Samedi, il a lui aussi tendu la main aux jeunes révolutionnaires aux yeux desquels il apparaît pourtant comme une figure honnie du passé, en se posant comme protecteur du soulèvement. "Il n'y a pas de place pour un retour à l'ancien régime. L'Egypte a changé et on ne peut pas revenir en arrière", a-t-il promis.

Ancien chef d'état-major de l'armée de l'air, puis ministre de l'Aviation civile, le général Chafiq avait été appelé à diriger le gouvernement dans les derniers jours de la présidence Moubarak.

Il est très soutenu parmi la communauté chrétienne copte - près de 10% de la population - inquiète face à la montée de l'islamisme, et a fait campagne sur les thèmes de la sécurité et de la stabilité pour convaincre les nombreux Egyptiens inquiets face à la crise économique et la montée de la criminalité.

Il est en revanche très impopulaire parmi les mouvements de jeunes qui ont initié la révolte anti-Moubarak l'an dernier, qui l'accusent d'être le candidat des militaires actuellement au pouvoir.
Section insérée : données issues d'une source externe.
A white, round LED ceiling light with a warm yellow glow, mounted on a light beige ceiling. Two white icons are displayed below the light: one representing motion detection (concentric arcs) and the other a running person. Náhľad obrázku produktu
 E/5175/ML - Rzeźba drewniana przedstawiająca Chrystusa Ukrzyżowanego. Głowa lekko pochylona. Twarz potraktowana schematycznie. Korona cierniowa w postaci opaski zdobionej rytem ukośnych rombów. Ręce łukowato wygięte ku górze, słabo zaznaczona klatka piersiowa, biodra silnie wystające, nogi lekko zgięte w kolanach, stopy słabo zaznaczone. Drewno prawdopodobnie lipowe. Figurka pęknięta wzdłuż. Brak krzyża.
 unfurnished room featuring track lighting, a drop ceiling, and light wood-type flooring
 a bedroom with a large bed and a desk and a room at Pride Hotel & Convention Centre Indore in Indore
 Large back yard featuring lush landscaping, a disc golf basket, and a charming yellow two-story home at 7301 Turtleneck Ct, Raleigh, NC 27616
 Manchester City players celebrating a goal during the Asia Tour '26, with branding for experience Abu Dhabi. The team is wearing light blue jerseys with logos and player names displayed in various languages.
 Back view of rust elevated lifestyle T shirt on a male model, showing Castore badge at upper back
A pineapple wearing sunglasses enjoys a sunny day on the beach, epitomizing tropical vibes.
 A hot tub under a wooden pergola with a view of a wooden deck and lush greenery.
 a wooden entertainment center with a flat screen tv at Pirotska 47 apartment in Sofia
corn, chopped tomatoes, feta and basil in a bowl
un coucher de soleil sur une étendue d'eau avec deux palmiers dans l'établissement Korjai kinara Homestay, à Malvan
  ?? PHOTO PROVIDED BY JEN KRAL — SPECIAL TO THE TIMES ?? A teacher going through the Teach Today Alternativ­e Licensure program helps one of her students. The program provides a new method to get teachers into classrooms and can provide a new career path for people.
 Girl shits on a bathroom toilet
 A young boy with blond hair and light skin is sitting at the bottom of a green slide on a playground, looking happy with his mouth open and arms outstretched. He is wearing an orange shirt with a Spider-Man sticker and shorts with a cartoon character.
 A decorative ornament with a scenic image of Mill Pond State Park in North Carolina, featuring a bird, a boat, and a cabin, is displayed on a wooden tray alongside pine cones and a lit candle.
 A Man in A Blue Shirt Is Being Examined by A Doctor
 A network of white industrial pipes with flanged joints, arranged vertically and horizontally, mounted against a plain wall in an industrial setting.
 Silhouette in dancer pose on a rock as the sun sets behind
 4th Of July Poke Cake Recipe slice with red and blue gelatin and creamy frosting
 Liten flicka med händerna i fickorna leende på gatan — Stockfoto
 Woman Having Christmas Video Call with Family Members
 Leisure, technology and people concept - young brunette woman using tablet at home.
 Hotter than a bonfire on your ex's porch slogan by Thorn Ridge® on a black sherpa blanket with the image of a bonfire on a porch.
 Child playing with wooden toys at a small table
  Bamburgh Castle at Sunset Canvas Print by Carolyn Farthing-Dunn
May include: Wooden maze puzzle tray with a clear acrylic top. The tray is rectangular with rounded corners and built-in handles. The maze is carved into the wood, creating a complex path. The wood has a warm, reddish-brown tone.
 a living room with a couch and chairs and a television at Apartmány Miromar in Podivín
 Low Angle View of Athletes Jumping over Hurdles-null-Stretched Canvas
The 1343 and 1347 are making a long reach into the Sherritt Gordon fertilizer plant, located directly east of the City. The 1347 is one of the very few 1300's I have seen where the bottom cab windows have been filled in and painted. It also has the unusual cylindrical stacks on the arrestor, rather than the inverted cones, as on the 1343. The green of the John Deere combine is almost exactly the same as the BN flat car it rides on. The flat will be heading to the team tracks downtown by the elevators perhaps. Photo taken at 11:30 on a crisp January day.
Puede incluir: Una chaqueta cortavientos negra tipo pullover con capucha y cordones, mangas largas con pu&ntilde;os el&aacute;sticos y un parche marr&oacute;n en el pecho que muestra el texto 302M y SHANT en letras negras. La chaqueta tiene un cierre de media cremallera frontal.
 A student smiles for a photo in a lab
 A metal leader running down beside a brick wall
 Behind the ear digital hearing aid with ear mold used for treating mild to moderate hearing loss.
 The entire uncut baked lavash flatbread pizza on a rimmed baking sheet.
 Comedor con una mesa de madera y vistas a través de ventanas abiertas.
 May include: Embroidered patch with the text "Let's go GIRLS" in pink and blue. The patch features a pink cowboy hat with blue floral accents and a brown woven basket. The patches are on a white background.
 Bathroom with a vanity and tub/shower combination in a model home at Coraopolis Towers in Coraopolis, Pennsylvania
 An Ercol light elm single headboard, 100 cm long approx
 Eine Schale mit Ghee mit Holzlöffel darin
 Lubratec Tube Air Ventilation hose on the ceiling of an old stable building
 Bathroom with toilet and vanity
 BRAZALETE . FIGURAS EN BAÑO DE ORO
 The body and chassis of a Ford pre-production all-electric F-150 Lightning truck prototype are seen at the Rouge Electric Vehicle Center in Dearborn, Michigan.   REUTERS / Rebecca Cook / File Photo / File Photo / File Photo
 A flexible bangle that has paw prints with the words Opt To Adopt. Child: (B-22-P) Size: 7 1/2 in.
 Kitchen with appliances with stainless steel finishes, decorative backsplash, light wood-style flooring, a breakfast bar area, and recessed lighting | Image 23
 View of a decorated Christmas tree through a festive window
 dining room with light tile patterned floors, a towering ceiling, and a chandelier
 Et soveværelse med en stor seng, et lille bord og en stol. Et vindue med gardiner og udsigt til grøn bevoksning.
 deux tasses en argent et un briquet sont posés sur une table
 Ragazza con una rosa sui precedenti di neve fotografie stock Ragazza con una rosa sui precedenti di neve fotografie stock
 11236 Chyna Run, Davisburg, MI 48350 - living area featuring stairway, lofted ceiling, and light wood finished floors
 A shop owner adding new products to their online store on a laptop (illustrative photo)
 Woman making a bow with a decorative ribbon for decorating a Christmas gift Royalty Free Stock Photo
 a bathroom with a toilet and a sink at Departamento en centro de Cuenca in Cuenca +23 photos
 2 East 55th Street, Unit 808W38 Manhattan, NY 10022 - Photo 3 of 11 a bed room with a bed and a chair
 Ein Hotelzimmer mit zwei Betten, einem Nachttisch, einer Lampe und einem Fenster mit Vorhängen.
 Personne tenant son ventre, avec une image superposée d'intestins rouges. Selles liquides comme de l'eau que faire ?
Les observateurs lui donnent un léger avantage. Mais les Frères musulmans ont lancé une virulente campagne contre lui vendredi soir, l'accusant de mettre la révolution "en danger".

"Une catastrophe" dans tous les cas. Certains Egyptiens se refusent à choisir entre "le cheikh" et "le général". L'écrivain égyptien Khaled al-Khamissi, auteur du best-seller Taxi, a ainsi d’ores et déjà fait savoir qu’il boycottera le scrutin. "C'est impossible de voter, je refuse totalement les deux. Dans tous les cas, ce sera une catastrophe", analyse-t-il.

Le prochain président, qui sera élu pour quatre ans, prendra la tête d'un pays en proie depuis l'an dernier à une grave crise économique, qui s'ajoute aux fortes inégalités sociales héritées de l'ancien régime.

Ses pouvoirs sont encore imprécis, l'ancienne Constitution ayant été suspendue et la nouvelle n'ayant pas même commencé d'être rédigée en raison de blocages politiques.

L'armée, qui a pris la direction du pays après le départ de Moubarak, a promis de remettre le pouvoir au futur président avant la fin du moins de juin.